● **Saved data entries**

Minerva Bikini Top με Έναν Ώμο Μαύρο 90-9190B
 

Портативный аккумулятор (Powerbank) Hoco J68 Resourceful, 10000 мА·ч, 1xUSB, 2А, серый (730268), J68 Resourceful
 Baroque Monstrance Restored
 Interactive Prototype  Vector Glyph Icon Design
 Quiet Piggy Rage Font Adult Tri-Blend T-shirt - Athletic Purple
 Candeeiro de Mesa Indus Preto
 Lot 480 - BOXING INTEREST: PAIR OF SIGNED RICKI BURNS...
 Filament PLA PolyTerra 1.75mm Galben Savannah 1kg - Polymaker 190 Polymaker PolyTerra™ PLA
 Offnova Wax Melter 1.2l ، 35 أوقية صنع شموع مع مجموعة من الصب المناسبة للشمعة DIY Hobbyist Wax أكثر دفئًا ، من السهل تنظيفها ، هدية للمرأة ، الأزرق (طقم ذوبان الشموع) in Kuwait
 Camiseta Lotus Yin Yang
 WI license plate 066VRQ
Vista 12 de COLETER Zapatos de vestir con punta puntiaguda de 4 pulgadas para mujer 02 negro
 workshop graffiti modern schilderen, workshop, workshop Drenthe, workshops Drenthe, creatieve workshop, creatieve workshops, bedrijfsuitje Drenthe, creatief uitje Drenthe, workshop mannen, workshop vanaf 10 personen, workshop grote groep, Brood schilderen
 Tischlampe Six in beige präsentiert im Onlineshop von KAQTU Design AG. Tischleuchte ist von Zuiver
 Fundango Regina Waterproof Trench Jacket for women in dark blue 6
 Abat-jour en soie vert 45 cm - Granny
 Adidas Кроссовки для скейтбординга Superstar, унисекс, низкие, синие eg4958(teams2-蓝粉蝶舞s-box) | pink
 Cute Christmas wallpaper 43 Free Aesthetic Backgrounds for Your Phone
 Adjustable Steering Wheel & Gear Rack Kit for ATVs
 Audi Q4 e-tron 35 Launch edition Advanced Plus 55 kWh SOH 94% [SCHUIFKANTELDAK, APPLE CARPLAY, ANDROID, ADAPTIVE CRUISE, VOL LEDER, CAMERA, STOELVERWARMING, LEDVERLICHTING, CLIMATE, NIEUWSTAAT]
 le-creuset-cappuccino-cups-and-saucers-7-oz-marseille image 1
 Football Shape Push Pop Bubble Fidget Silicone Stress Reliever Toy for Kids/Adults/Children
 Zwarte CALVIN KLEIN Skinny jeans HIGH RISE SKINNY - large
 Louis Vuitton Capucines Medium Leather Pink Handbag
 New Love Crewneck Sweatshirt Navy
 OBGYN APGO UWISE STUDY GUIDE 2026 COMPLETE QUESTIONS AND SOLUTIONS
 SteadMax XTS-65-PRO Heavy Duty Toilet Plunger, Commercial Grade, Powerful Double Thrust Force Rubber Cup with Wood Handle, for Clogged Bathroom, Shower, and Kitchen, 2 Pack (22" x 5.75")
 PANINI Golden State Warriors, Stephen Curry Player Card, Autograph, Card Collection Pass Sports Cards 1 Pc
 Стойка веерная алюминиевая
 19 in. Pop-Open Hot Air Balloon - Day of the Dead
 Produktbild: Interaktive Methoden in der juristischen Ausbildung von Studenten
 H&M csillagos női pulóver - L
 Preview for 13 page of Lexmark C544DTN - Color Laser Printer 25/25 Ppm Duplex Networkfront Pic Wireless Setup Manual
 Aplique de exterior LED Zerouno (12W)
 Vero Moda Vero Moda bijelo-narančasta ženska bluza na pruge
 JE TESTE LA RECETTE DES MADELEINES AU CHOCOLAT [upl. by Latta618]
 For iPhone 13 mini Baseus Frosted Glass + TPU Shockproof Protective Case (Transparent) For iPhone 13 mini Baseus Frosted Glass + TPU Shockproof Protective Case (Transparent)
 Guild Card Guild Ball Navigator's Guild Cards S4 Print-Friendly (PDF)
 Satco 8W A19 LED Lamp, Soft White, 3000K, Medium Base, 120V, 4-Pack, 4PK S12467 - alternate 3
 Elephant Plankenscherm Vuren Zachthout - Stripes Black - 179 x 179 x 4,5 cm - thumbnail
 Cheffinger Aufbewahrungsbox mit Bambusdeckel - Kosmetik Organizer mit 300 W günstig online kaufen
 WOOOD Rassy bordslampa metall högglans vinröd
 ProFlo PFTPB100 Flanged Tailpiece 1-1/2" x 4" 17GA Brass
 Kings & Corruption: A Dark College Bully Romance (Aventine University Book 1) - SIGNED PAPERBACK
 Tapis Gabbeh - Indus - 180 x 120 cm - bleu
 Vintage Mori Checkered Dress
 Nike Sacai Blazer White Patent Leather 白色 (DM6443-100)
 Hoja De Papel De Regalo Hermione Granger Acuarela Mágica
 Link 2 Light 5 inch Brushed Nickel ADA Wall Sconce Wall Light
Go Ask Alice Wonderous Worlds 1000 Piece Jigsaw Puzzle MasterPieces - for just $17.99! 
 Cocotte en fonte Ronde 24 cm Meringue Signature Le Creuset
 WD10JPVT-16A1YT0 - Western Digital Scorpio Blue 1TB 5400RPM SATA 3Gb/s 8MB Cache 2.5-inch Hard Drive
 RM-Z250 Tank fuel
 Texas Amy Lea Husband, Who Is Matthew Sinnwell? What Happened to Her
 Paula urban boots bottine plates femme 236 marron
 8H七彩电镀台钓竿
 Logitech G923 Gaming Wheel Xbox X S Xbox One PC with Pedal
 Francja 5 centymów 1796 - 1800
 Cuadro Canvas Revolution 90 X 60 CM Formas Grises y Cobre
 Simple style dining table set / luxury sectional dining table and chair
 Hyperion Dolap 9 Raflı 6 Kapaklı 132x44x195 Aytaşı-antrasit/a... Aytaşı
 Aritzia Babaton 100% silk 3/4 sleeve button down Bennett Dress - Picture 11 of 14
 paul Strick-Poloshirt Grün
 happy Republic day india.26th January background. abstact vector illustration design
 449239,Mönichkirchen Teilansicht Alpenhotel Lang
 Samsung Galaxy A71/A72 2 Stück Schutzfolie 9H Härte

● **Exercise directions**
Above are the records. Copy the lines beginning at the one that has "Elephant Plankenscherm Vuren" and ending with the one that has "WOOOD Rassy bordslampa", unchanged.

● **Task answer**
 Elephant Plankenscherm Vuren Zachthout - Stripes Black - 179 x 179 x 4,5 cm - thumbnail
 Cheffinger Aufbewahrungsbox mit Bambusdeckel - Kosmetik Organizer mit 300 W günstig online kaufen
 WOOOD Rassy bordslampa metall högglans vinröd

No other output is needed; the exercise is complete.